### What to do
What you submit must be an exact copy of the listing below, with no images in it.

### Information shown
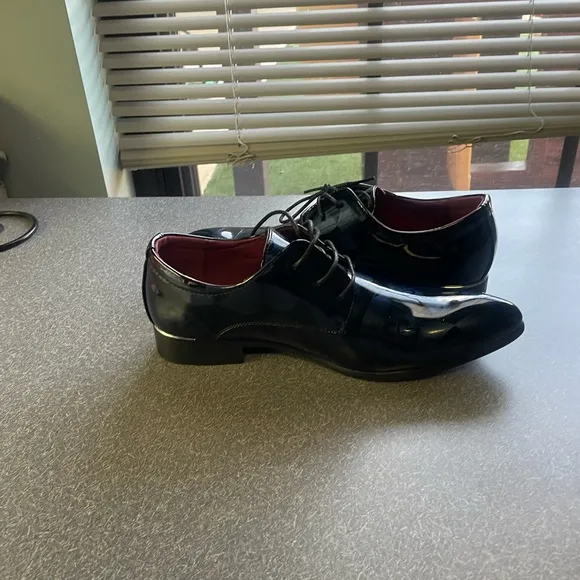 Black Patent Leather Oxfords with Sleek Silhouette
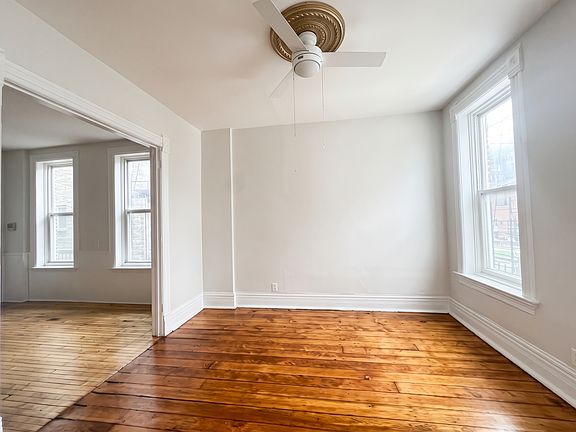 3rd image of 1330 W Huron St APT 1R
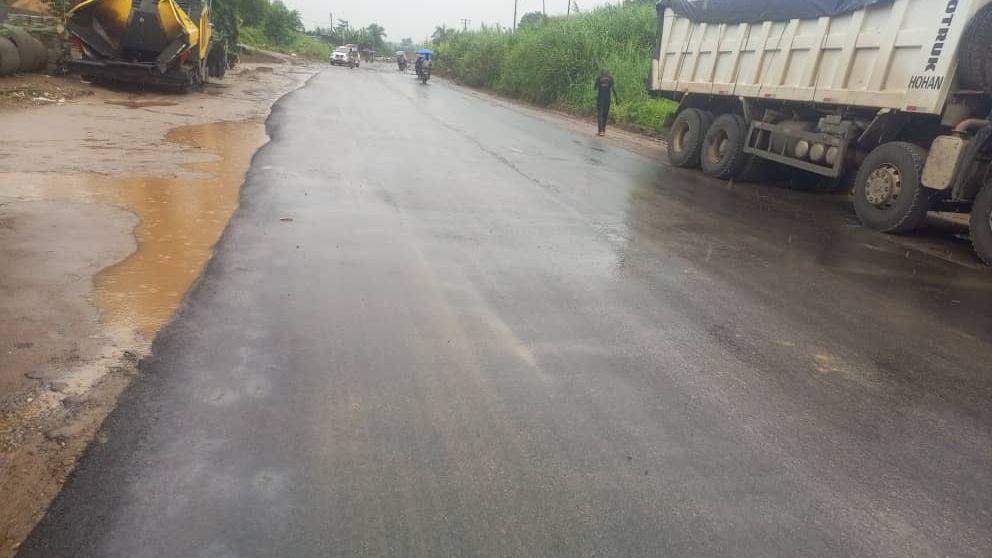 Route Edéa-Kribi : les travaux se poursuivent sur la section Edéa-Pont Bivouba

### Output for this exercise
 Black Patent Leather Oxfords with Sleek Silhouette
 3rd image of 1330 W Huron St APT 1R
 Route Edéa-Kribi : les travaux se poursuivent sur la section Edéa-Pont Bivouba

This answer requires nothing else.